• [What you should do]:
Repeat the records verbatim and leave the pictures out of your copy.

==*==

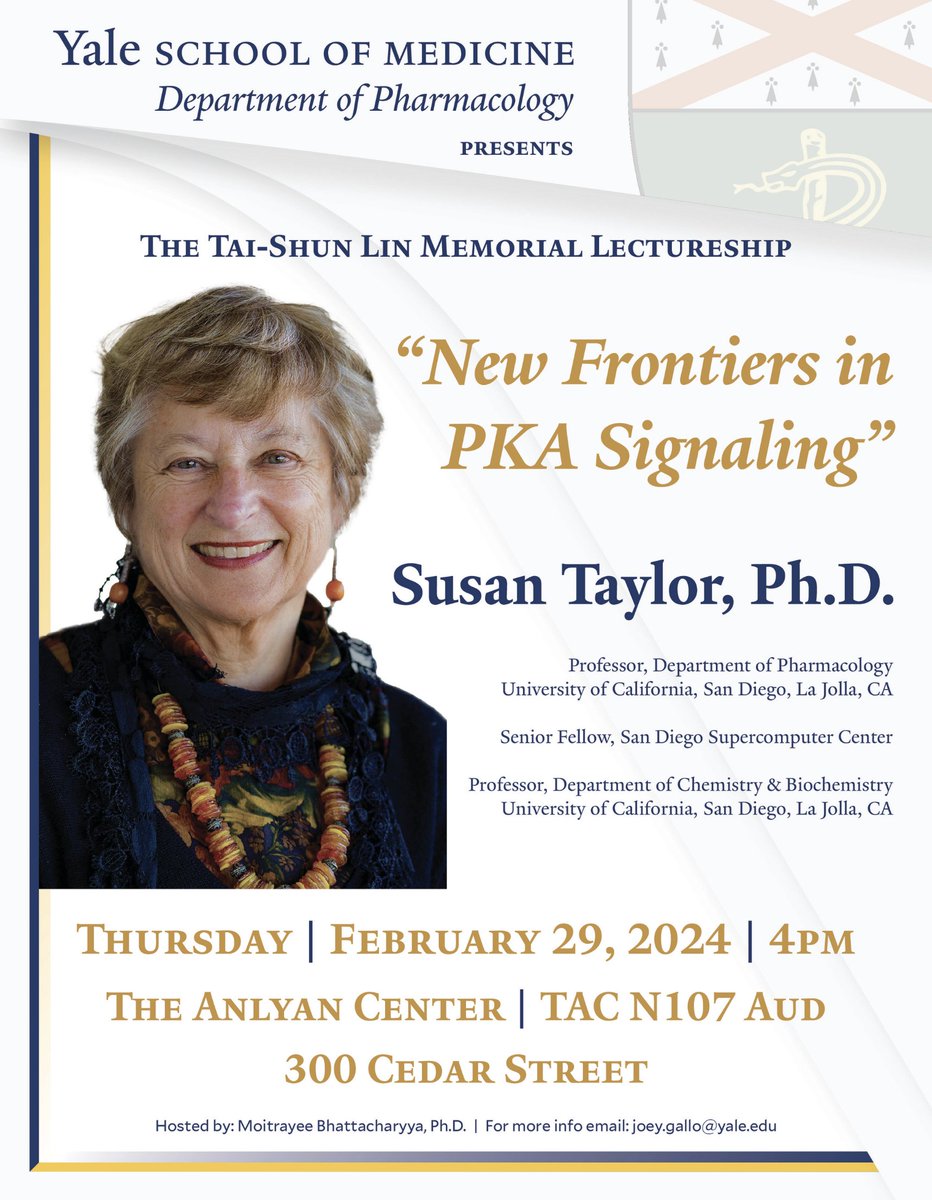 Join us for the 2024 Tai-Shun Lin Memorial Lecture in the Department of Pharmacology on Thurs Feb 29th at 4pm in TAC Auditorium - given by Susan Taylor. Reception to follow what is sure to be a superb lecture.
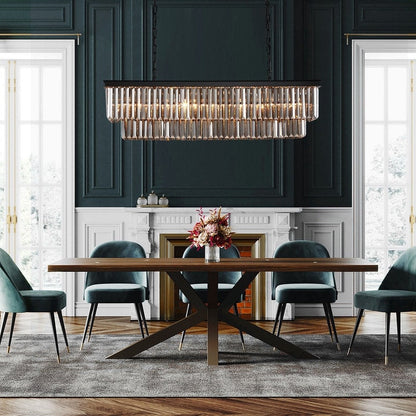 Luminaire suspendu à 2 niveaux pour îlot de cuisine, salle à manger, style moderne et contemporain, en cristal gris fumé et noir, 47 po.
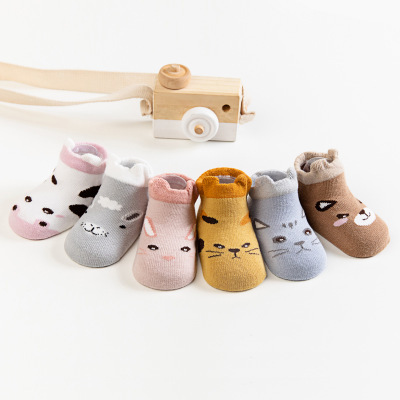 19 new Korean version of three-dimensional shallow mouth low top children's socks baby baby floor socks cartoon animal boat socks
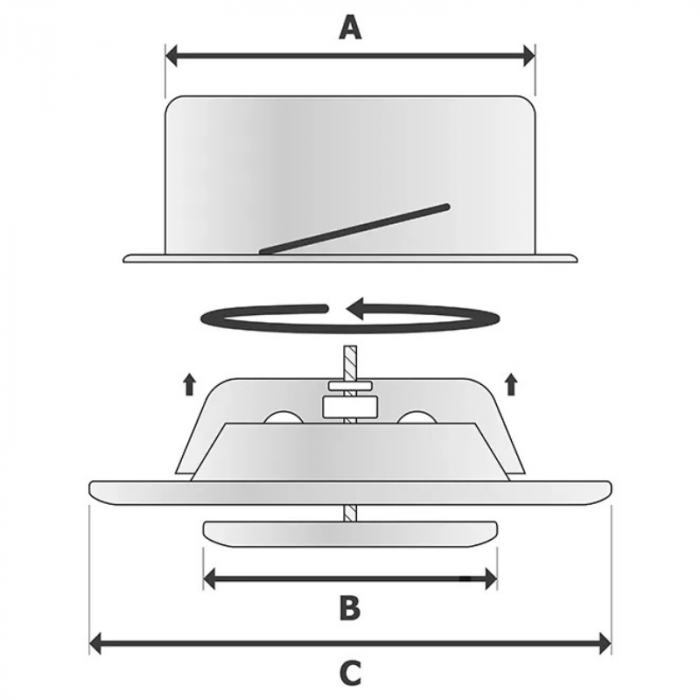 Rooster/ventiel Ø160mm - afvoer & toevoer - geborsteld RVS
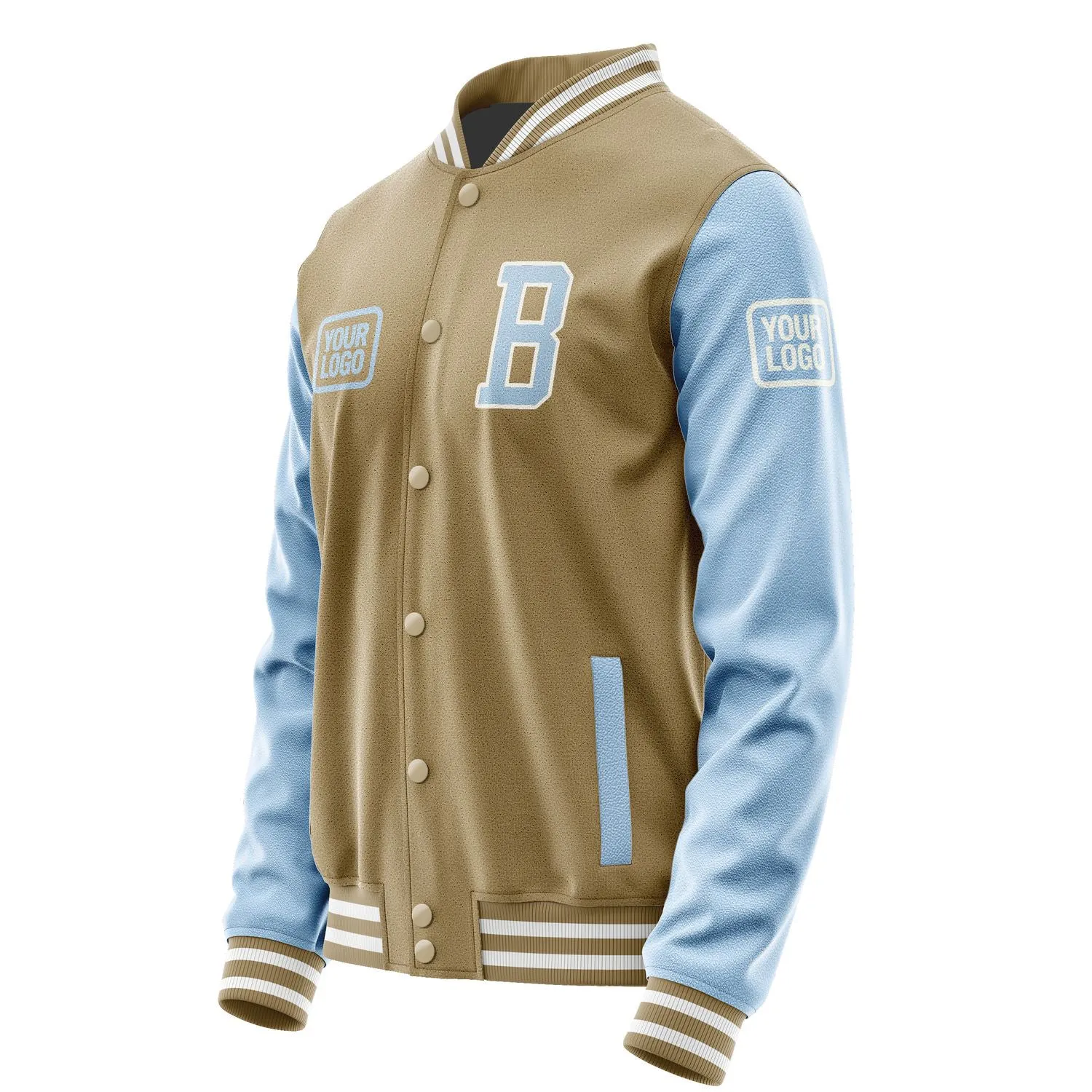 Custom Light Khaki Light Blue Jacket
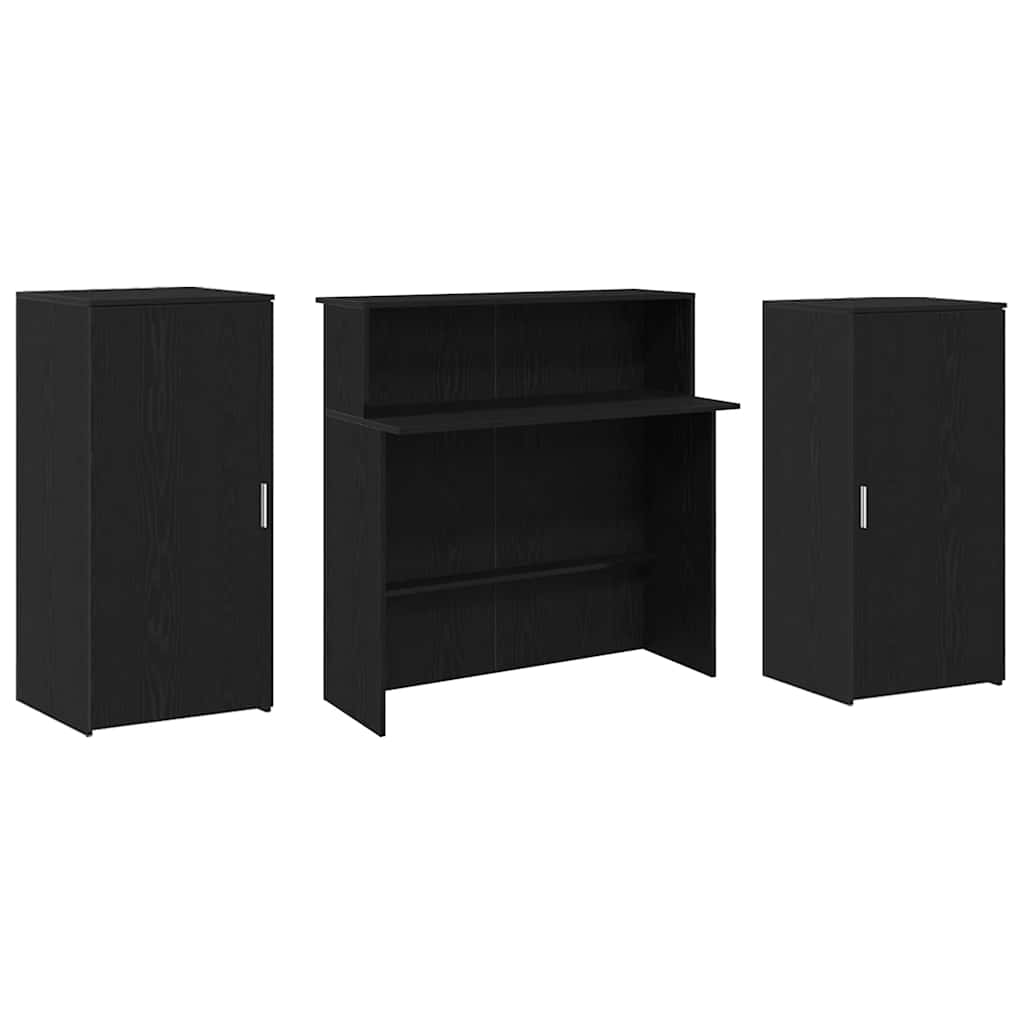 Reception Desk Black Oak Effect 200x50x103.5cm Wood Material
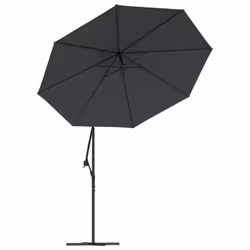 vidaXL Cantilever Garden Parasol with LED Lights and Steel Pole Umbrella Black - Additional view 4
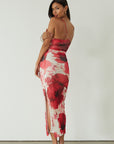 Printed knit mesh maxi dress. Adjustable straps. Ruched sides. Side slit. Fully lined. floral maxi dress. guest wedding dress. evening dress. asymmetrical neckline dress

==*==

• [Solved problem]:
 Join us for the 2024 Tai-Shun Lin Memorial Lecture in the Department of Pharmacology on Thurs Feb 29th at 4pm in TAC Auditorium - given by Susan Taylor. Reception to follow what is sure to be a superb lecture.
 Luminaire suspendu à 2 niveaux pour îlot de cuisine, salle à manger, style moderne et contemporain, en cristal gris fumé et noir, 47 po.
 19 new Korean version of three-dimensional shallow mouth low top children's socks baby baby floor socks cartoon animal boat socks
 Rooster/ventiel Ø160mm - afvoer & toevoer - geborsteld RVS
 Custom Light Khaki Light Blue Jacket
 Reception Desk Black Oak Effect 200x50x103.5cm Wood Material
 vidaXL Cantilever Garden Parasol with LED Lights and Steel Pole Umbrella Black - Additional view 4
 Printed knit mesh maxi dress. Adjustable straps. Ruched sides. Side slit. Fully lined. floral maxi dress. guest wedding dress. evening dress. asymmetrical neckline dress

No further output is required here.